[Start of section]

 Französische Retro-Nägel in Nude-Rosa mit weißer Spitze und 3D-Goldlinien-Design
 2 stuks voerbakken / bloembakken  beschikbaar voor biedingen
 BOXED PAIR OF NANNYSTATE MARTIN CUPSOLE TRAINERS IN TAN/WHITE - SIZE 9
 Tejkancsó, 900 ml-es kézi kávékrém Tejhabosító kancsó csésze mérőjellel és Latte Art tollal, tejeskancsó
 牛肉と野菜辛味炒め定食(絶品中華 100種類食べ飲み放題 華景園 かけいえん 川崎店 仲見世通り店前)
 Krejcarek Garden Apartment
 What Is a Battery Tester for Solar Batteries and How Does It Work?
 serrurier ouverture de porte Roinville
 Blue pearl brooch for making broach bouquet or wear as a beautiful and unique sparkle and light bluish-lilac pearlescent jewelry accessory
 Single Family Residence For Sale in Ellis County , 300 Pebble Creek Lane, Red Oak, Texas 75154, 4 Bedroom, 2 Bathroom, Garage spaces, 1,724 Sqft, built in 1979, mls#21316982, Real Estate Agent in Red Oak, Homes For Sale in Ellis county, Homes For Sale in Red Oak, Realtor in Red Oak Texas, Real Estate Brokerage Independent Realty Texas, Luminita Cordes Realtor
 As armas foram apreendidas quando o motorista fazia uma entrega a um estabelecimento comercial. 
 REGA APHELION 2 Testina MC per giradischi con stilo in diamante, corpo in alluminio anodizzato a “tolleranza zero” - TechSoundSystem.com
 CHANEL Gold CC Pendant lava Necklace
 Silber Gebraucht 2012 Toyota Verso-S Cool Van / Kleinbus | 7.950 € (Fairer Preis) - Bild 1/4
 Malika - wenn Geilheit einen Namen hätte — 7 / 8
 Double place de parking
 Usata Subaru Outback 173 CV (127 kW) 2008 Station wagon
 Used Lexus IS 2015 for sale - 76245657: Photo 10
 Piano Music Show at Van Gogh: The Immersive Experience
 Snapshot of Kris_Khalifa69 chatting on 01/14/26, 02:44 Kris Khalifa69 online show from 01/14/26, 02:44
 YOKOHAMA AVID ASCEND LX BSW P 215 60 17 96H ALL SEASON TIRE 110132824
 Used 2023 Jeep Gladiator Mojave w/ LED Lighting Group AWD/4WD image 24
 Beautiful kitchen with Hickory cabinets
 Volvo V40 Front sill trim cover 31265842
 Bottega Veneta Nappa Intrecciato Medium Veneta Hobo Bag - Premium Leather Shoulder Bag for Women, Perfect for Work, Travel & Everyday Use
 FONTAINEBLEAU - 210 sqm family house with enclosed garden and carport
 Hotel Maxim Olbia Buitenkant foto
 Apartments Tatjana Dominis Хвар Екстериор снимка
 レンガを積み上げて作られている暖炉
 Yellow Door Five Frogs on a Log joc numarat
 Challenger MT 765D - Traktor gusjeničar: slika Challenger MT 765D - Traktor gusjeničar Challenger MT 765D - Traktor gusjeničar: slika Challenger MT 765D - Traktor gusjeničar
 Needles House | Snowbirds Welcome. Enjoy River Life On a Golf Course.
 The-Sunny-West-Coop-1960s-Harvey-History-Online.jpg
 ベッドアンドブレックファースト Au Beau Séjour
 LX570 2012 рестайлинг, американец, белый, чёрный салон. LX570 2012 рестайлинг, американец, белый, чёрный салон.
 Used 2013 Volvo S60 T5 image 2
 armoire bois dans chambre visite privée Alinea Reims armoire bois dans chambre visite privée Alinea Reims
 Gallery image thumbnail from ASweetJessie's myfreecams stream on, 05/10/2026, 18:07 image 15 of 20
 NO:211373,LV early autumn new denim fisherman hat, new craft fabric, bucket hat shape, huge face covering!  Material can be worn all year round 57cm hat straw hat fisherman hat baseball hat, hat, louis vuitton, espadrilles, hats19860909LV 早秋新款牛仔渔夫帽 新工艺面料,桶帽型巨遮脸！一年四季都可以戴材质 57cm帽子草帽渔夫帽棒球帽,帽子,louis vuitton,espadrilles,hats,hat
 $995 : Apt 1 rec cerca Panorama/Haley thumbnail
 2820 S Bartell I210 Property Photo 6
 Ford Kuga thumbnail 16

[End of section]

> _Your goal_:
Beginning with the line in which "cerca Panorama/Haley thumbnail" appears, set down each line through the last one in the listing, unchanged and with no extras.

> _Solved problem_:
 $995 : Apt 1 rec cerca Panorama/Haley thumbnail
 2820 S Bartell I210 Property Photo 6
 Ford Kuga thumbnail 16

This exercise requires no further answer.